### PROVIDED DATA
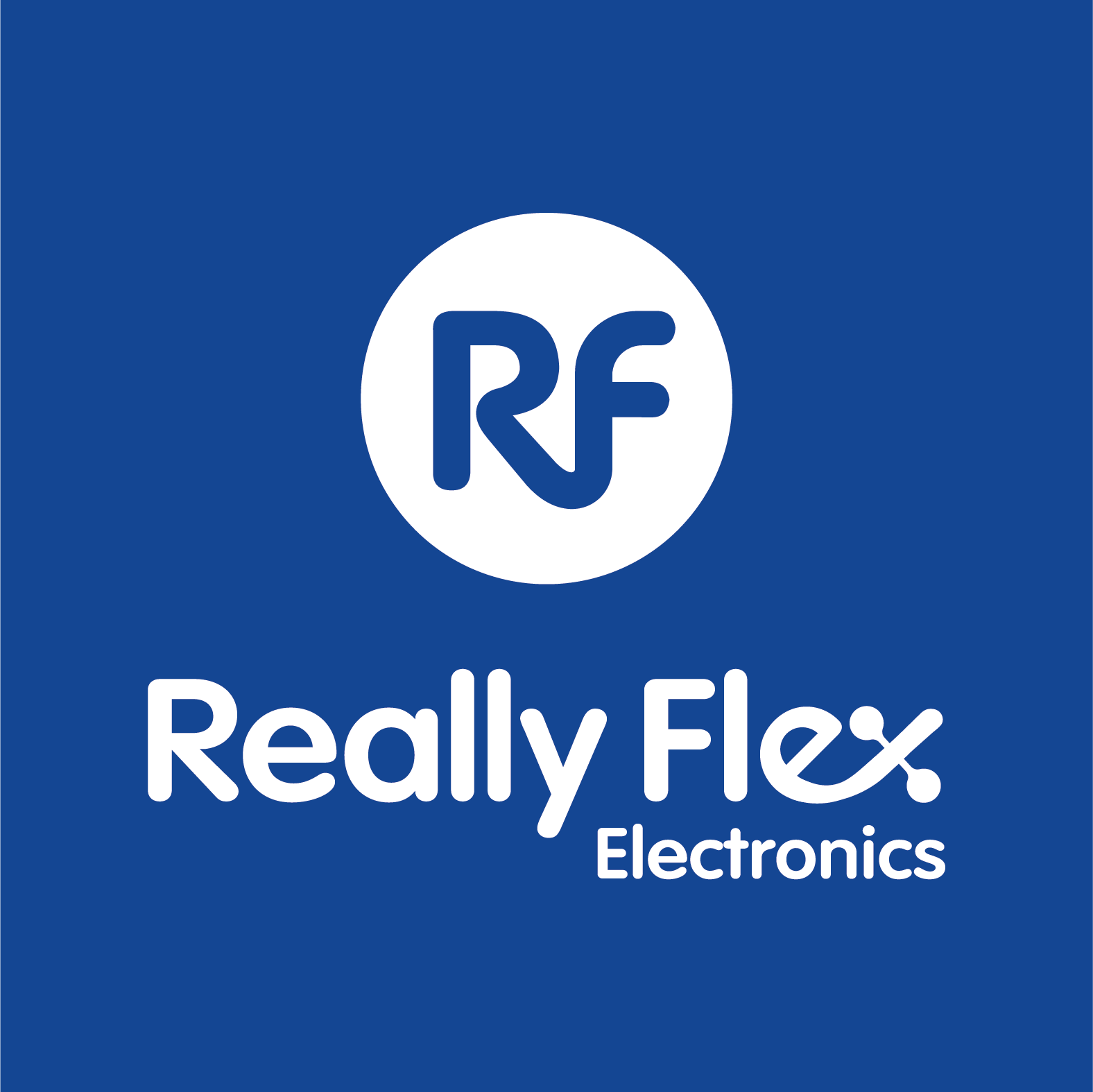 ReallyFlex Logo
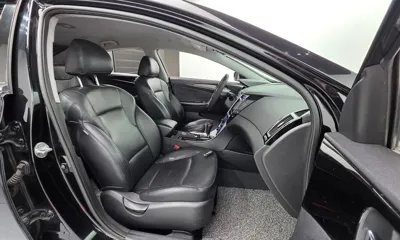 Hyundai Sonata 2011, 152768 км, за 2226.75 USD - фото 10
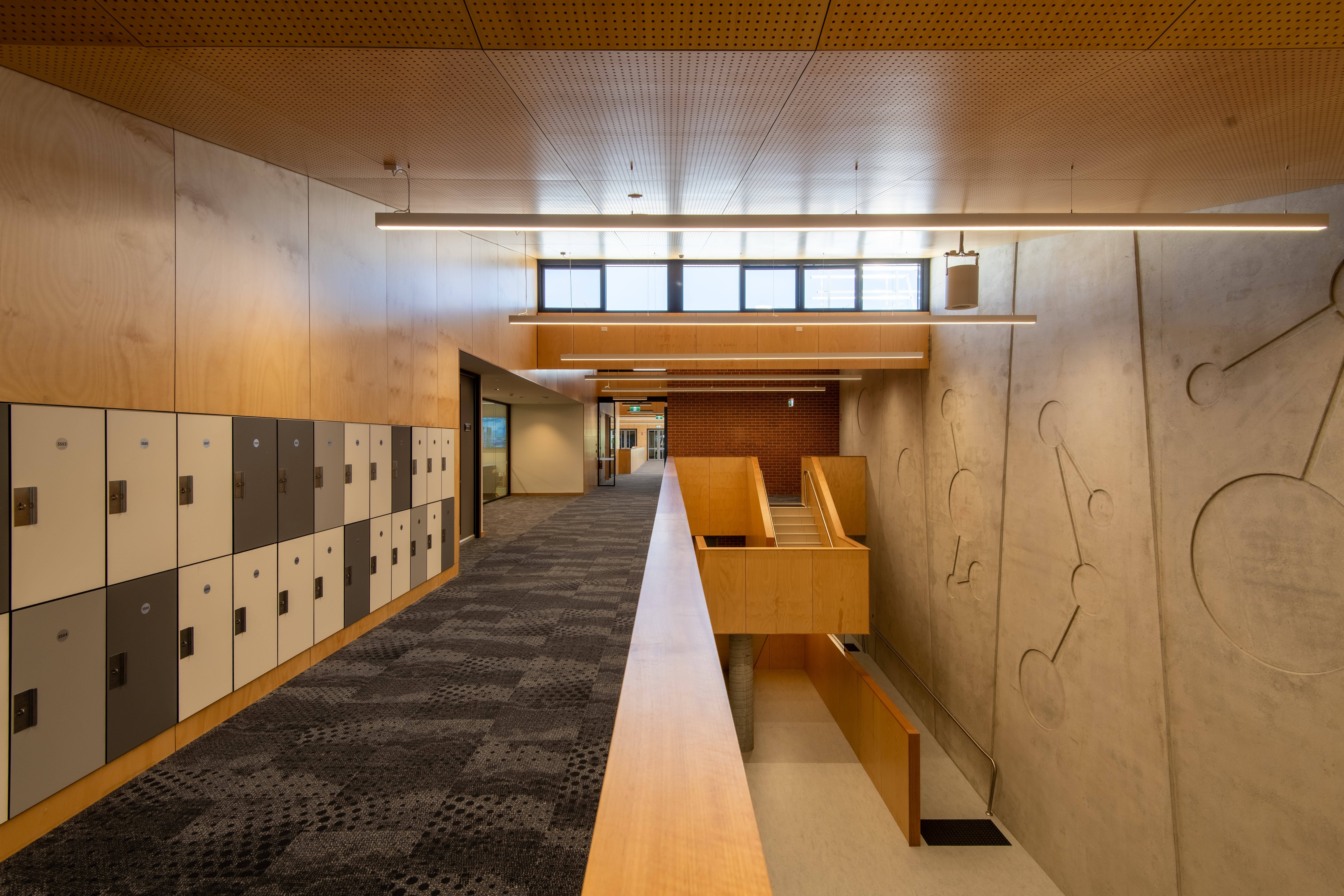 Penola Innovation Centre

### ASSIGNED TASK
An exact reproduction of the data above is required, with every picture removed.

### SOLUTION FOR THIS EXERCISE
 ReallyFlex Logo
 Hyundai Sonata 2011, 152768 км, за 2226.75 USD - фото 10
 Penola Innovation Centre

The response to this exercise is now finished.